I am Course Leader for the MA Performance: Screen and am dedicated to nurturing a new generation of screen-based artists.

I am committed to fostering a community of learning in the classroom, where every voice is recognised as valuable. I like to encourage students to take risks and experiment, whilst supporting the development of their own unique authorial voice. I am particularly interested in Critical Pedagogy’s progressive approach to teaching and empowering students. I have published articles in Terpsichore in Zeros and Ones(ed. Szperling) and Art in Motion (ed. Hayes and Boulègue).

I am a dance filmmaker - my practice lies in the intersections between film, performance, choreography and emerging technologies.

I directed Under the Cobblestones, a 20-minute film about freedom of speech and protest, in collaboration with choreographers Igor & Moreno and musician Bellatrix. The film was screened at the Cinedans Festival Amsterdam and awarded at Passion for Freedom Arts Festival London.

I have also created the short Units of Action, which has been screened in film festivals in more than 10 countries and was included in the Videodance Mercosul Compilation. Tableleg, a film I directed and performed in, has been shown at Sadlers Wells Theatre. I have been commissioned twice by T.H.E Company and the National Museum of Singapore.

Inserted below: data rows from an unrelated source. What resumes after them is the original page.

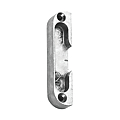 Réf. E-15861-00-0-1, 85 x 18 x 13 mm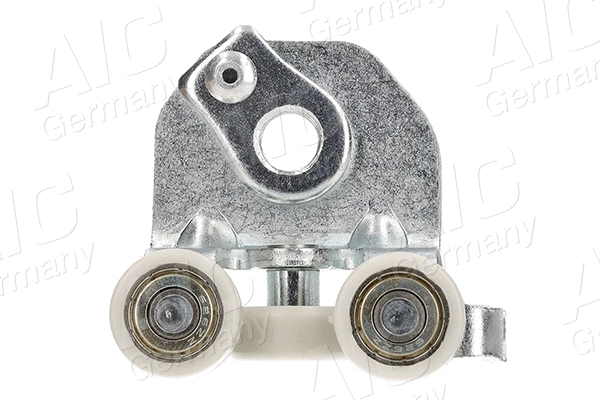 Roller Guide, sliding door (73497)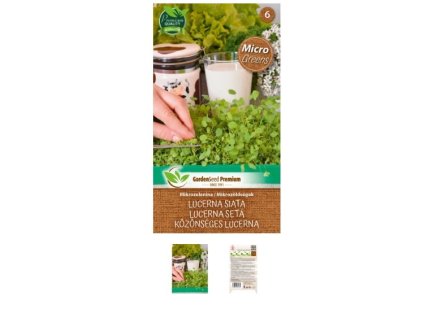 Snímka obrazovky 2025 04 13 205353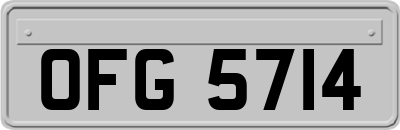 OFG5714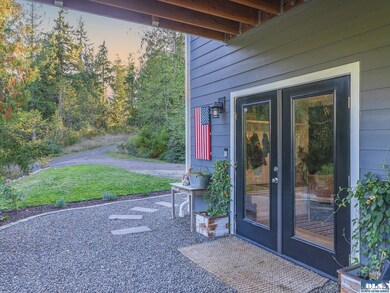 244 Holland Dr, Port Townsend, WA 98368 - photo 7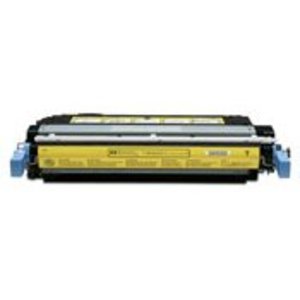 HP Q6462A printer cartridge compatible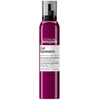 Image de Soins cheveux L'oréal  Creme en M0usse 10 en 1 Curl Expression 230 ml P30252388
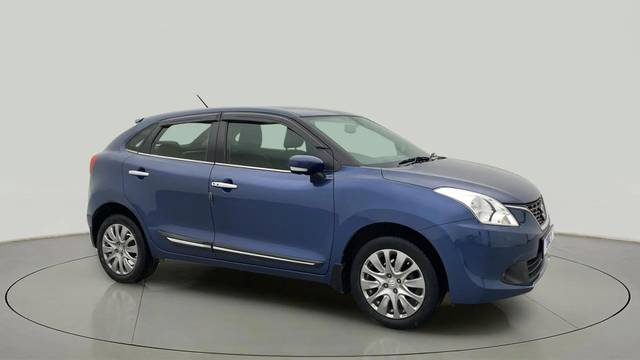 https://images10.gaadi.com/usedcar_image/4520719/original/36181a7b04a2e940730b514be0dc4d1b.jpg?imwidth=6400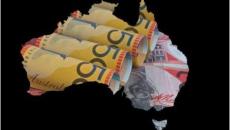 靠海省份gdp_2020gdp排名省份(3)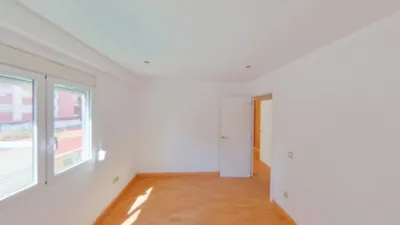 Apartment in Sant Pau photo 12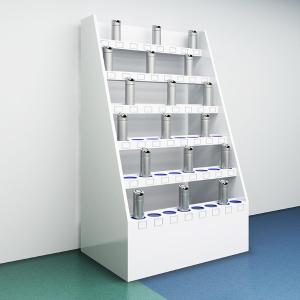 CJ-SBJ-61商品缩略图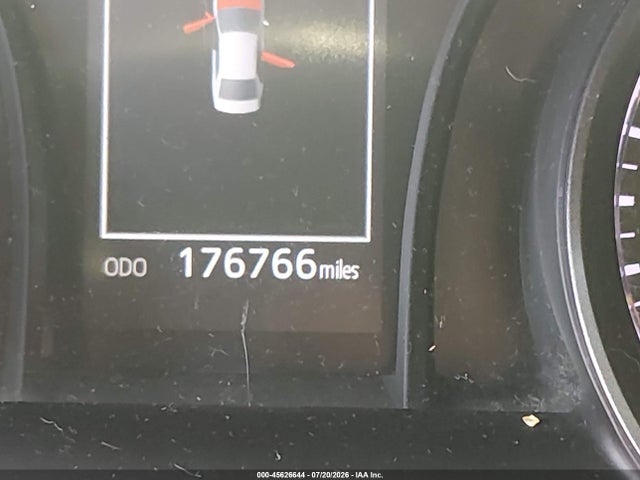 Продаж на аукціоні авто 2021 Toyota Camry Se, vin: 4T1G11AK2MU522317, номер лоту: 45626644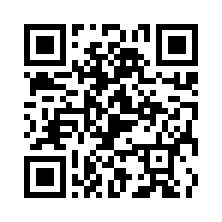 QR Code for 374ePbDH9tAACtnPwdv1fFwW6gLJAnuP8S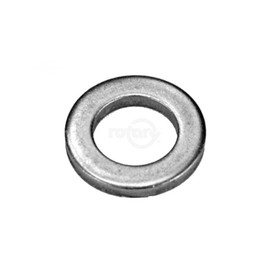 Rotary Spacer Washer Craftsman 129963, 187690, 532187690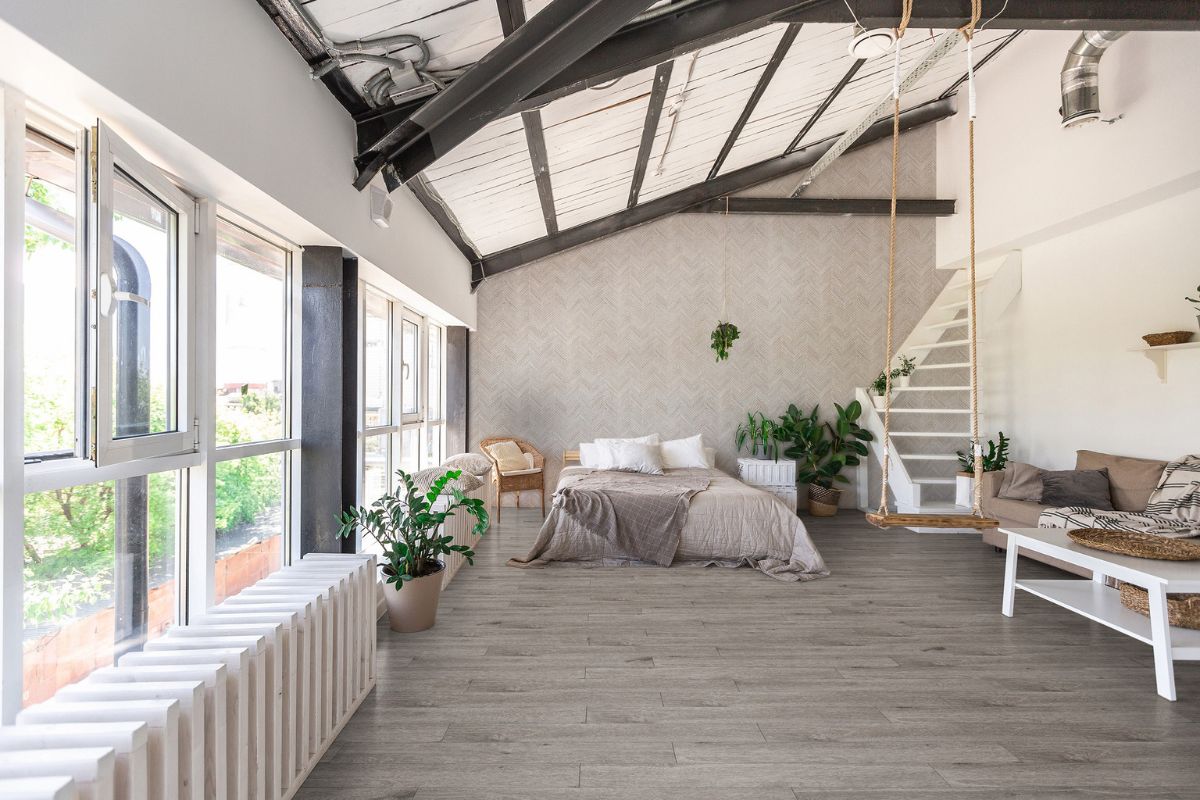 Kronospan płyta ścienna ROCKO Babylon R130 PT - obrazek 7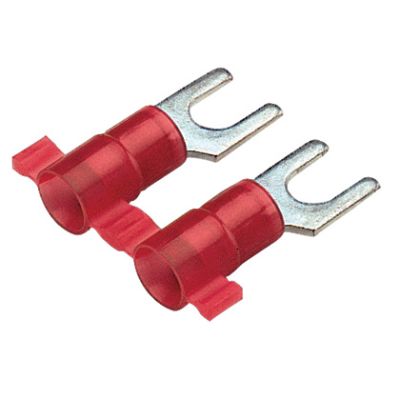 Panduit PN18-10F-3K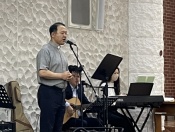 221005-미니콘서트 1회 (김태규방그라시오신부님)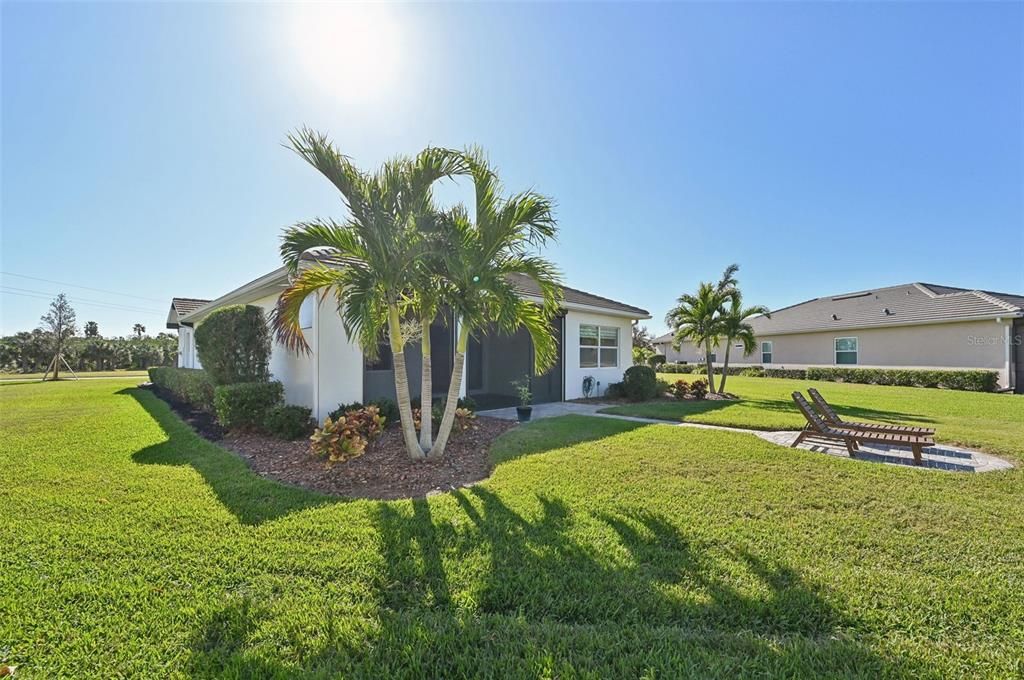 For Sale: $825,000 (3 beds, 2 baths, 2288 Square Feet)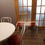 Thumbnail: Table de salon ou nuit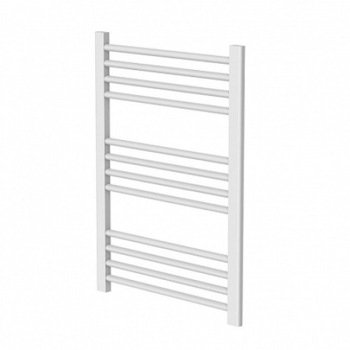 Radiator(calorifer) Portprosop FERROLI TALIA 500x1200 mm , drept ,ALB Radiator(calorifer) Portprosop FERROLI TALIA 500x1200 mm , drept ,ALB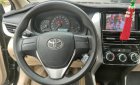 Toyota Vios 2018 - Lốp theo xe mới nguyên - Bao check toàn quốc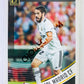 Isco - Real Madrid CF 2018-19 Panini Donruss #27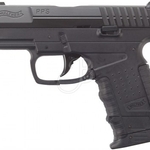 Umarex Walther PPS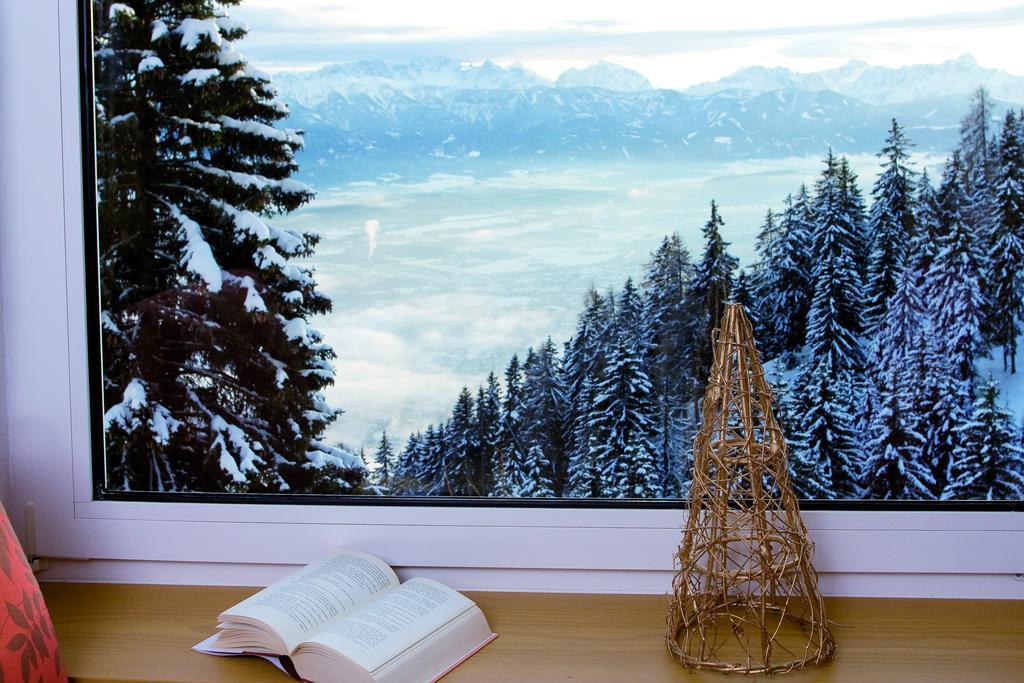 Sonnenhotel Zaubek トレフェン エクステリア 写真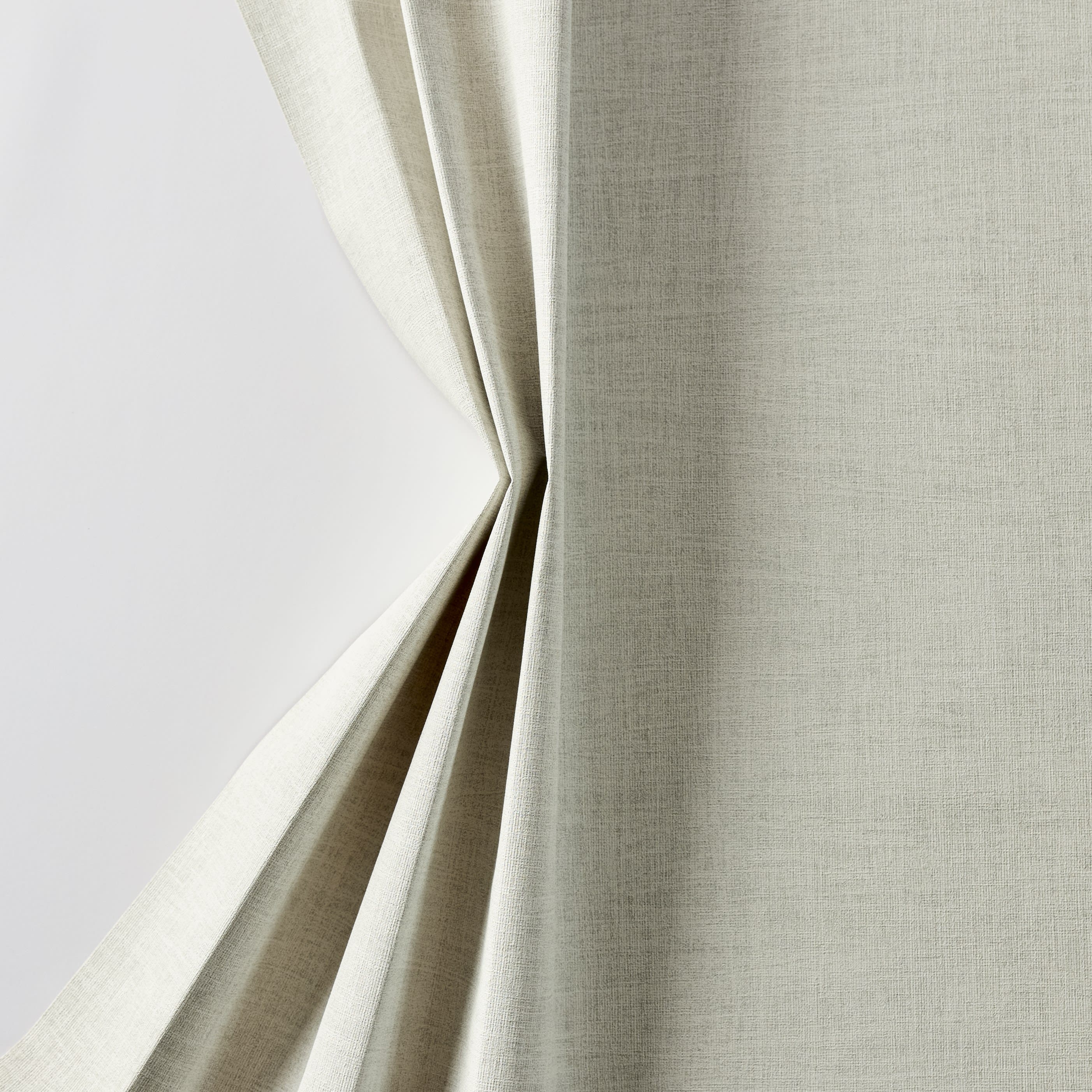 Scroll through officeinsight's brochure featuring NeoCon products and companies like Momentum Textiles, featuring innovative products and collections from Circon to Yinka Ilori.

In the Jam Series I made use of practice-as-research methodologies to investigate what an improvised filmmaking practice could look like. For this, I took part in dance improvisation sessions, and shot and edited improvised films within a strict and limited timeframe of 2 hours. This resulted in a 13 short films.

My latest project, Organising Principles of Experience is an experimental short in which I collaborate with an AI model, tuned to the writings and sensibilities of Maya Deren, to imagine new films. The film explores memory, possession, and the digital afterlife, questioning what remains when the past becomes data and how an artist might lay claim to her absent idol.